Are these calls going to clear the FTZ and DAZ flags in the MXCSR on x86? And FZ & FIZ in the FPCR on ARM?

orlp

I don't believe so, no. Currently these operations only set the LLVM flags to allow reassociation, contraction, division replaced by reciprocal multiplication, and the assumption of no signed zeroes.

This can be expanded in the future as LLVM offers more flags that fall within the scope of algebraically motivated optimizations.

eqvinox

Ah sorry I misunderstood and thought this API was for the other way around, i.e. forbidding "unsafe" operations. (I guess the question reverses to setting those flags)

('Naming: "algebraic" is not very descriptive of what this does since the operations themselves are algebraic.' :D)

evrimoztamur

Does that mean that a physics engine written with these operations will always compile to yield the same deterministic outcomes across different platforms (assuming they correctly implement (or able to do so) algebraic operations)?

Sharlin

It's more like the opposite. These tell the compiler to assume for optimization purposes that floats are associative and so on (ie. algebraic), even when in reality they aren't. So the results may vary depending on what transformations the compiler performs – in particular, they may vary between optimized and non-optimized builds, which normally isn't allowed.

vanderZwan

> These tell the compiler to assume for optimization purposes that floats are associative and so on (ie. algebraic), even when in reality they aren't.

I wonder if it is possible to add an additional constraint that guarantees the transformation has equal or fewer numerical rounding errors. E.g. for floating point doubles (0.2 + 0.1) - 0.1 results in 0.20000000000000004, so I would expect that transforming some (A + B) - B to just A would always reduce numerical error. OTOH, it's floating point maths, there's probably some kind of weird gotcha here as well.

orlp

No, there is no guarantee which (if any) optimizations are applied, only that they may be applied. For example a fused multiply-add instruction may be emitted for a*b + c on platforms which support it, which is not cross-platform.

SkiFire13

No, the result may depend on how the compiler reorders them, which could be different on different platforms.

smcameron

One thing I did not see mentioned in the article, or in these comments (according to ctrl-f anyway) is the use of feenableexcept()[1] to track down the source of NaNs in your code.

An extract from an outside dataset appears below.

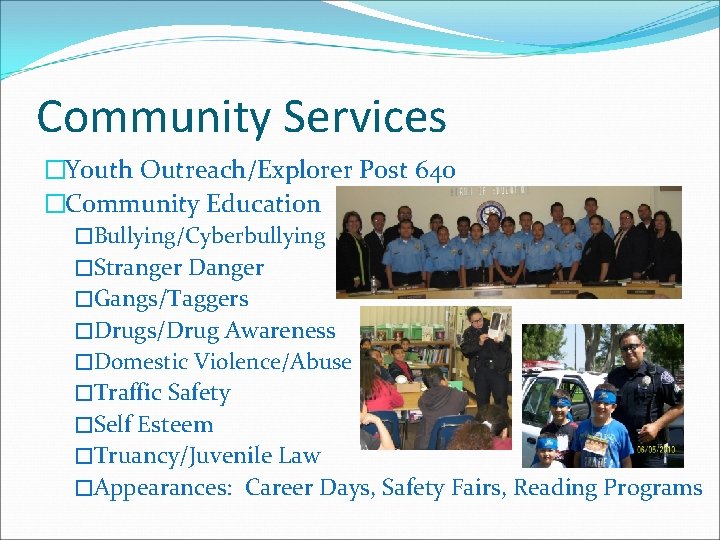 Community Services �Youth Outreach/Explorer Post 640 �Community Education �Bullying/Cyberbullying �Stranger Danger �Gangs/Taggers �Drugs/Drug Awareness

    feenableexcept(FE_DIVBYZERO | FE_INVALID | FE_OVERFLOW);

will cause your code to get a SIGFPE whenever a NaN crawls out from under a rock. Of course it doesn't work with fast-math enabled, but if you're unknowingly getting NaNs without fast-math enabled, you obviously need to fix those before even trying fast-math, and they can be hard to find, and feenableexcept() makes finding them a lot easier.

[1] https://linux.die.net/man/3/feenableexcept

jart

Trapping math is the enlightened way to do things. I wrote an example in the cosmo repo of how to use it. https://github.com/jart/cosmopolitan/blob/master/examples/tr...

DavidVoid

Yeah it's pretty useful to enable every once in a while just to see if anything complains.

Be very careful with it in production code though [1]. If you're in a dll then changing the FPU exception flags is a big no-no (unless you're really really careful to restore them when your code goes out of scope).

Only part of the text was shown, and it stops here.